1.Look for the rules and complete the following patterns.
(a) 52, 57, 62, 67, 72 , 77 ,82, 87
Explanation: Difference between Term 1 and Term 2 =57-52=5
Difference between Term 2 and Term 3= 62-57=5 and so on ,
clearly, a pattern is there where each term is previous term plus five.
So 67+5=72 , 72+5=77 and so on
(b) 1, 3, 5, 7, 9, 11, 13 ,15
Explanation: Difference between Term 2 and Term 1 =3-1=2
Difference between Term 3 and Term 2= 5-3=2 and so on
clearly, a pattern is there where each term is the previous term plus two.
So 7+2=9 , 9+2=11 , 11+2=13 , 13+2=15
(c) 30, 27, 24, 21, 18 , 15 , 12 ,9
Explanation: Difference between Term 1 and Term 2 =30-27=3
Difference between Term 2 and Term 3= 27-24=3 and so on
clearly, a pattern is there where difference between consecutive term is three.
So 21-3=18 , 18-3=15, 15-3=12 ,12-3=9
(d) 100, 90, 80, 70, 60 ,50 ,40,30
Clearly, a pattern is there where the difference between consecutive terms is 10.
(e) 1, 3, 7, 13,21,31,43,57
Term 2-Term 1=3-1 =2
Term 3-Term 2=7-3 =4
Term 4-Term 3=13-7=6
The difference between consecutive terms is increasing by 2.
So Term 5- Term 4 should be 8, Term 6- Term 5 should be 10, Term 7- Term 6 should be 12 and so on the series will go on.

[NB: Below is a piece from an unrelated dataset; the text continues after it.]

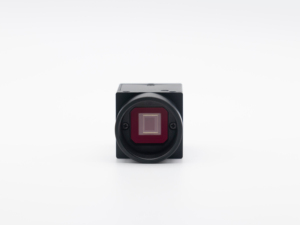 2.4MP Global Shutter Hochgeschwindigkeits-Industrie kamera USB3.0 Bild verarbeitung kamera für industrielle Inspektions-OCR-Systeme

(f) 11, 22, 33, 44, 55 ,66 77 ,88
Clearly series is multiple of 11 with the first term is 11
(g) 2, 4, 8, 16, 32, 64, 128, 256,512
Clearly, each term in the series is twice the previous term.
So 32*2=64 ,64*2=128 ,128*2=256 and 256*2=512
(h) 99, 101, 103, 105, 107 , 109,111 ,113
Clearly, there is a pattern in the series, where the difference between consecutive terms is 2.
So 105+2=107, 107+2=109 , 109+2 =111 ,111+2=113
(i) 9, 109, 209, 309, 409,509,609
Clearly, there is a pattern in the series, where the difference between consecutive terms is 100.
(j) 586, 686, 786, 886 ,996,1086,1186
Clearly, there is a pattern in the series, where the difference between consecutive terms is 100.